━━━ DATA TO EXAMINE ━━━
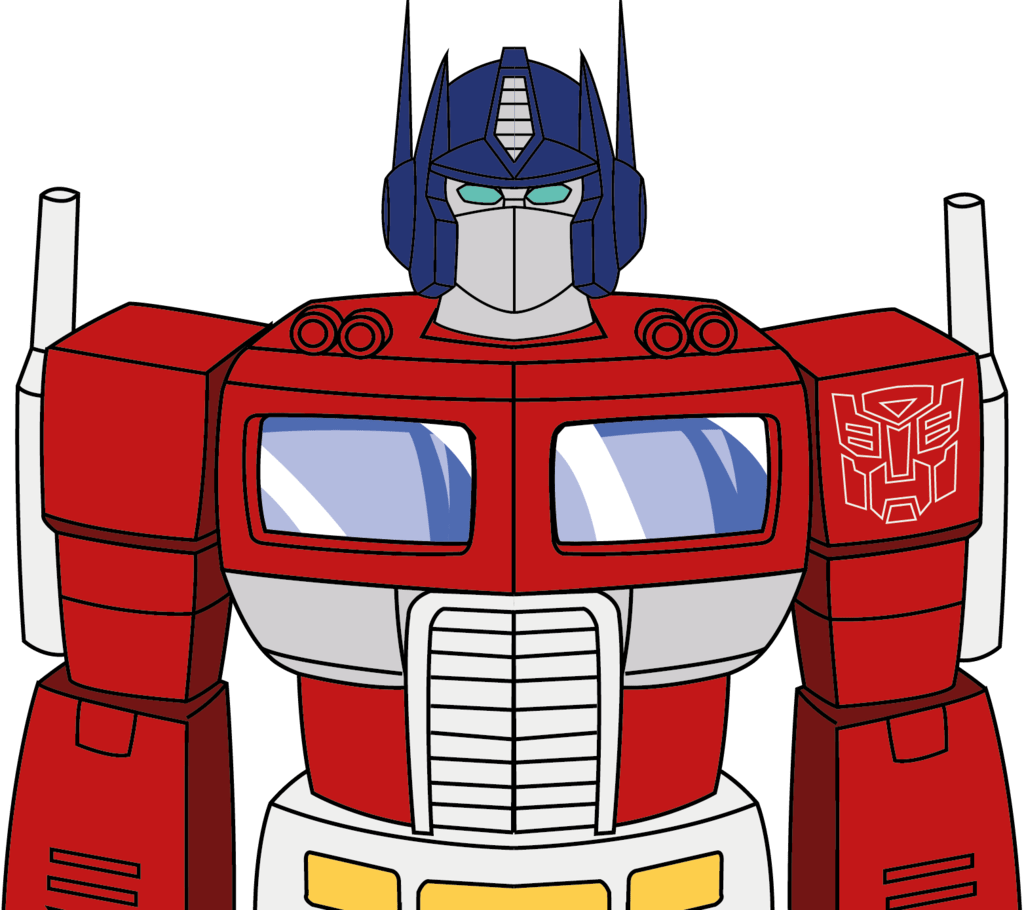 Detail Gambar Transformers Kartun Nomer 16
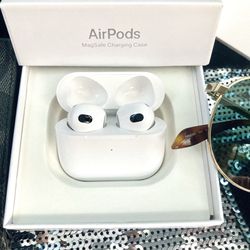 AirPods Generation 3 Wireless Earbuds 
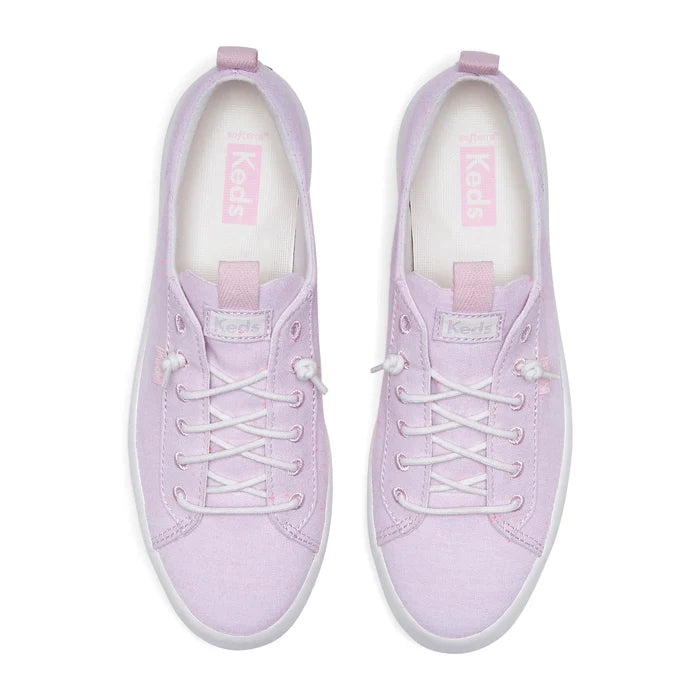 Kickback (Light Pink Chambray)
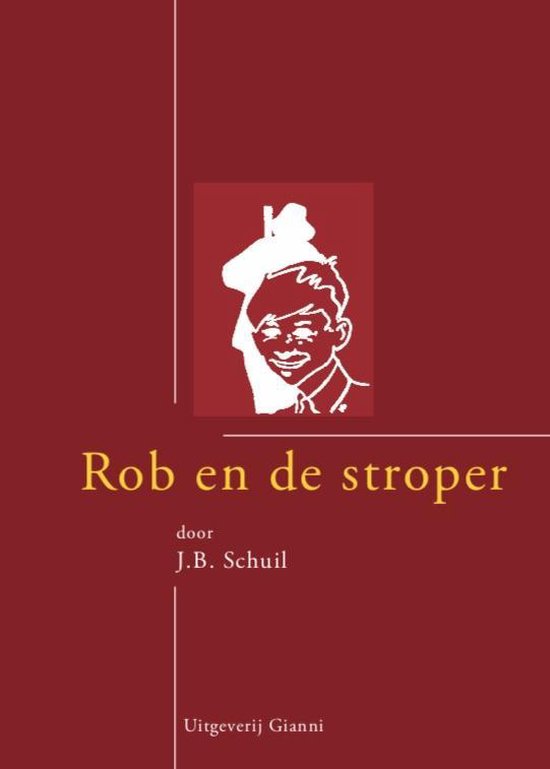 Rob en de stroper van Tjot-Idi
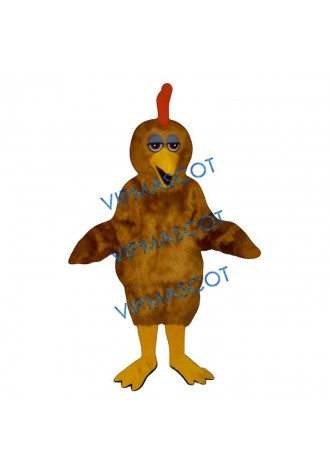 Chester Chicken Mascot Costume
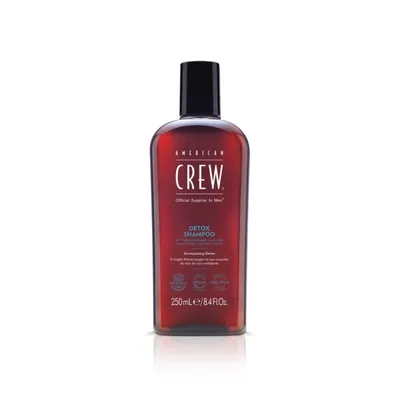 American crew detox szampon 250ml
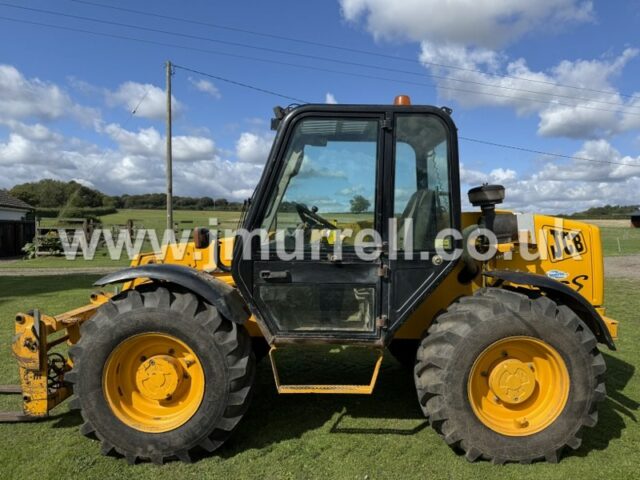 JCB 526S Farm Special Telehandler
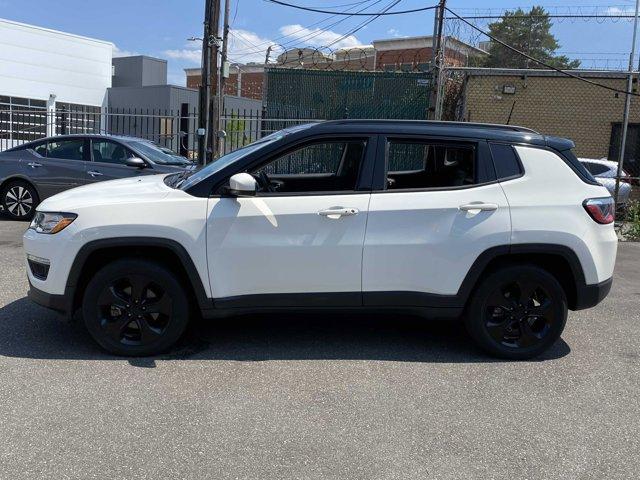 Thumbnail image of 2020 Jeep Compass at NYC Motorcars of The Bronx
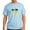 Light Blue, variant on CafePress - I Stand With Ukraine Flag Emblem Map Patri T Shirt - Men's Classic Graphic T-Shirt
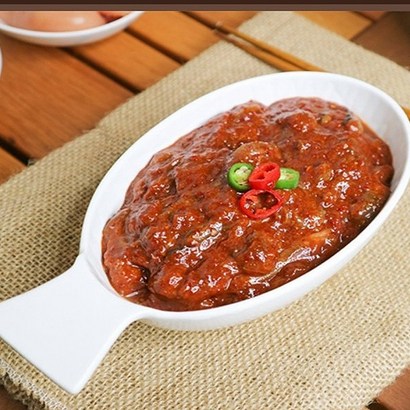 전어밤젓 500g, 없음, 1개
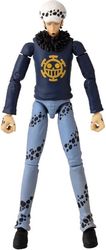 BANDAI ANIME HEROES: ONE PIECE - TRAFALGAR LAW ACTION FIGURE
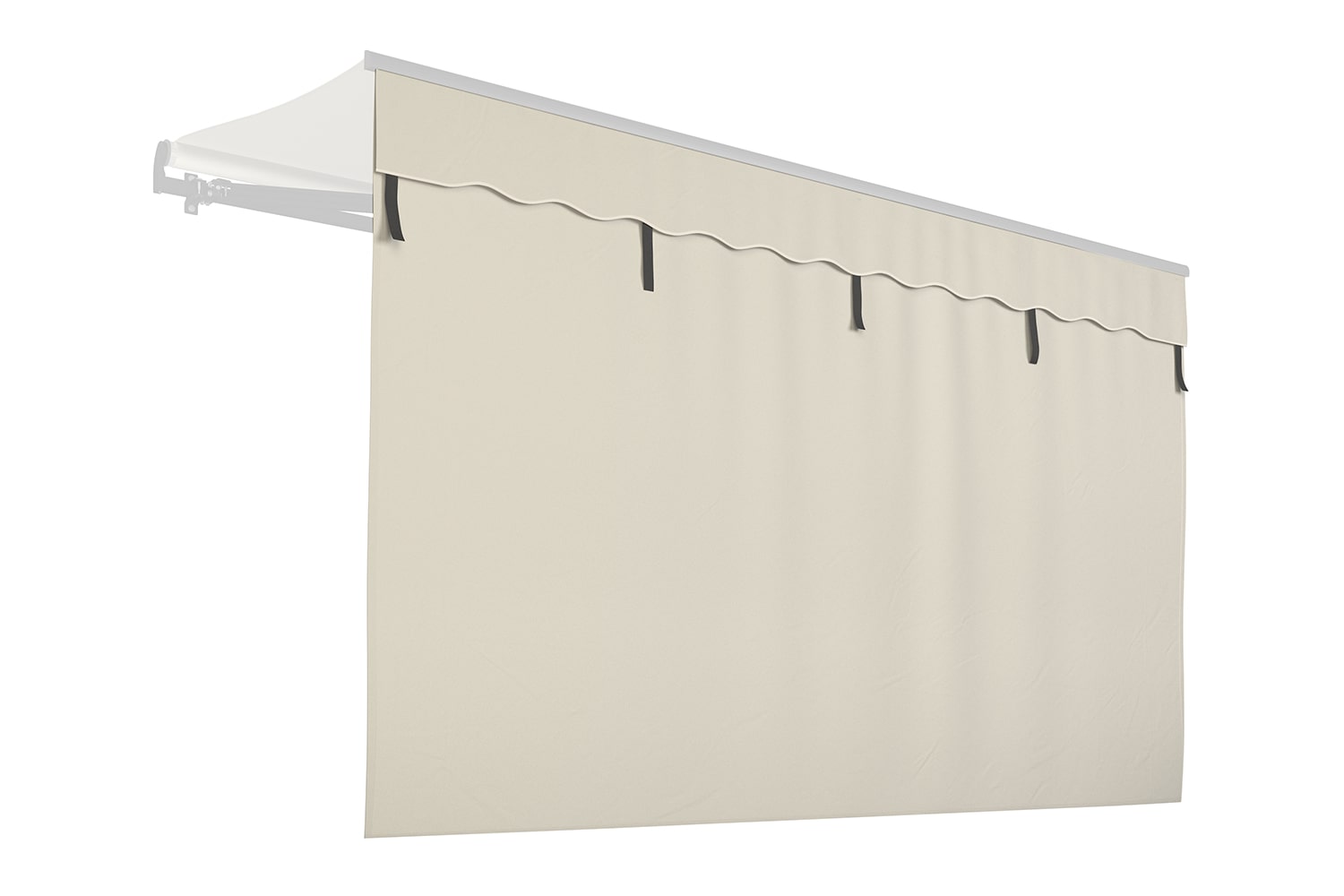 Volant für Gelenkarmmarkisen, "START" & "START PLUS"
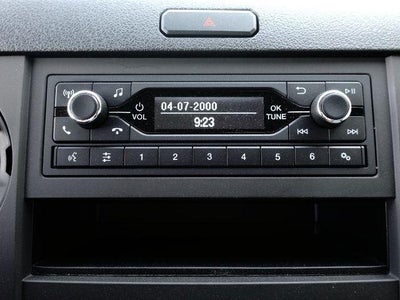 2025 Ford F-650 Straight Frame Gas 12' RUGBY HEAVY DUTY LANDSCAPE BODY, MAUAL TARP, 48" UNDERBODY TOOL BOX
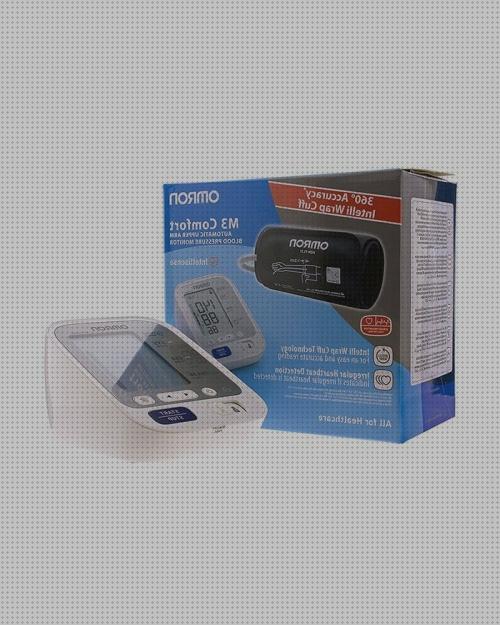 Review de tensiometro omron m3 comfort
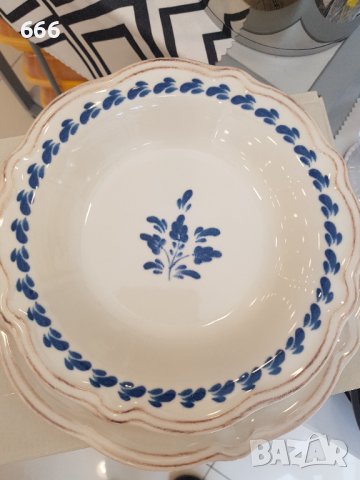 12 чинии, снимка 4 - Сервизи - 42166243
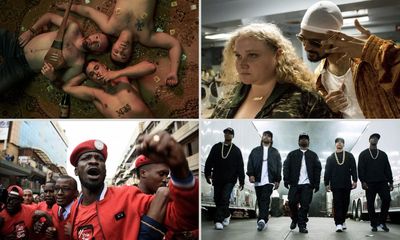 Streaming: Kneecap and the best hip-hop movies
━━━
* TASK DIRECTIONS
Verbatim repeat, images removed: give each entry again exactly as it reads.

* ANSWER SECTION
 Detail Gambar Transformers Kartun Nomer 16
 AirPods Generation 3 Wireless Earbuds 
 Kickback (Light Pink Chambray)
 Rob en de stroper van Tjot-Idi
 Chester Chicken Mascot Costume
 American crew detox szampon 250ml
 JCB 526S Farm Special Telehandler
 Thumbnail image of 2020 Jeep Compass at NYC Motorcars of The Bronx
 Light Blue, variant on CafePress - I Stand With Ukraine Flag Emblem Map Patri T Shirt - Men's Classic Graphic T-Shirt
 전어밤젓 500g, 없음, 1개
 BANDAI ANIME HEROES: ONE PIECE - TRAFALGAR LAW ACTION FIGURE
 Volant für Gelenkarmmarkisen, "START" & "START PLUS"
 2025 Ford F-650 Straight Frame Gas 12' RUGBY HEAVY DUTY LANDSCAPE BODY, MAUAL TARP, 48" UNDERBODY TOOL BOX
 Review de tensiometro omron m3 comfort
 12 чинии, снимка 4 - Сервизи - 42166243
 Streaming: Kneecap and the best hip-hop movies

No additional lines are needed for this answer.